Almost President, Nose Twist & Mis-conceptions


One week ago today, on the last day of my daughter's week-long visit from Portland, OR, we had lunch in the Gathering Barn at the Wallace Country Life Center. This is the birthplace farmstead of Henry Agard Wallace. I have made several trips to the farm enjoying the beautiful flower beds, walking the path through the native prairie, seeing the sculptures and admiring the vegetable gardens. (Wallace.org)
Kari and I had planned to walk around after our luncheon, but it started to rain so we headed for the gift shop inside the farm house.


I am always struck by how much this house reminds me of my own childhood home. It was while we were in the house that I related to Kari a mis-conception I had formed in my youth. In grade school I had learned that Henry A. Wallace, the one-time Secretary of Agriculture as well as Vice-President of the United States had been born near Orient, Iowa.


I attended an area youth fellowship meeting in Orient one Sunday. When we went past this stately home just west of the town, I got it in my head that this must have been the Wallace birthplace. Wouldn't a man of such stature have been born in a beautiful home like this? It was a long time before I knew he was born in that simple farm house which has now been restored.
(The above house is now a Bed & Breakfast known as Special Moments.)


The history of the Wallace family in Iowa is an interesting one - the first Henry Wallace was a co-founder with his sons, Henry C. and John, of Wallaces' Farmer magazine.

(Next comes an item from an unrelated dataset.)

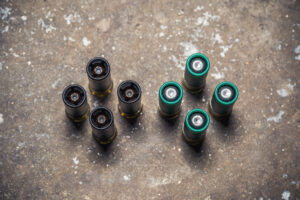 photo of sabot slugs next to lead slugs on a concrete floor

He also helped establish Iowa State College as an important agricultural research institution.
Henry C. was a professor at Iowa State and the founder of the American Farm Bureau Federation. He served as Secretary of Agriculture from 1921 until 1924.

Henry A. was Franklin Roosevelt's Secretary of Agriculture from 1933 to 1940 when he became FDR's Vice-President from 1940 to 1944. Roosevelt dropped Wallace in favor of Harry S. Truman as his running mate in the '44 elections. So Truman became president when Roosevelt died in 1945 instead of Wallace. However, in 1948, Henry A. Wallace ran for president on the Progressive Party ticket. Their platform called for national health insurance, a guaranteed minimum wage, equal employment opportunities for women and equal pay for equal work. What would our country be like if he had become president?


Henry A. Wallace began experimenting with corn while still in high school. After college he continued his work developing hybrid corn and founded the Hi-Bred Corn Company - now known as Pioneer Hi-Bred - a company which now encompasses almost the entire town of Johnston, Iowa.